A comprehensive study of sulfonated carbon materials as conductive composites for polymer solar cells

Abstract

Sulfonated carbon nanotubes (S-CNTs) and sulfonated graphene (S-Gra) with superior dispersibility were successfully prepared to modify poly(3,4-ethylenedioxythiophene):poly(styrenesulfonate) (PEDOT:PSS) for applications in polymer solar cells (PSCs). The synergetic effect between S-CNTs/S-Gra and PEDOT:PSS could remove excess insulating PSS chains leading to an obvious phase separation between the PEDOT and PSS chains, which allows the formation of more conductive PEDOT channels.

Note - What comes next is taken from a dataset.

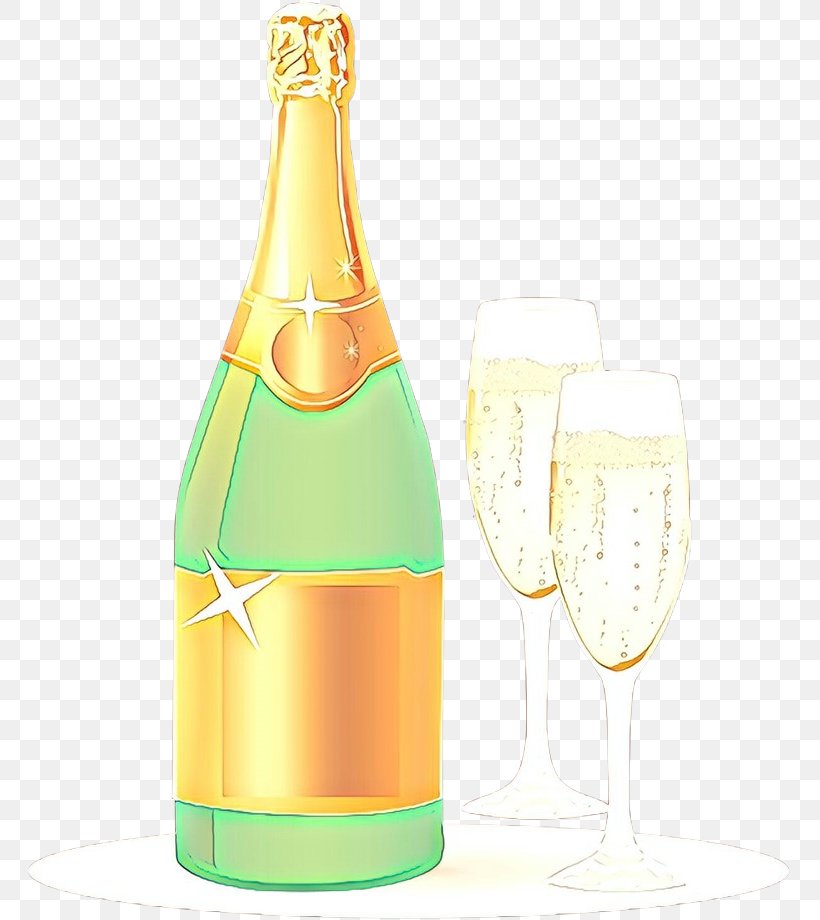 Champagne, PNG, 768x920px, Cartoon, Alcohol, Alcoholic Beverage, Bottle, Champagne Download Free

The PEDOT:PSS (Clevios PH 4083):S-CNTs with well-matched work function, favorable morphology, optimized hydrophobicity and superior hole mobility is demonstrated to be an excellent hole transport layer (HTL) for PSCs. However, the PEDOT:PSS (Clevios PH 4083) modified by sulfonated graphene with stacked and wrinkled lamellae as an HTL renders a rough morphology and has a negative impact on the morphology of the active layer, consequently resulting in a poor device performance. Excitingly, PEDOT:PSS (Clevios PH 1000) modified with S-Gra shows high conductivity, because the sulfonated graphene lamellae contribute to the connection between the insulator and conductive PEDOT islands and improves the charge conduction. The PH1000:S-Gra with multiple layers presents excellent electrical conductive properties and a high transmittance (sheet resistance of ∼45 Ω sq⁻¹ and transmittance of ∼85.5% at 550 nm), which possess great potential for its application as a transparent conductive and flexible electrode in organic electronics.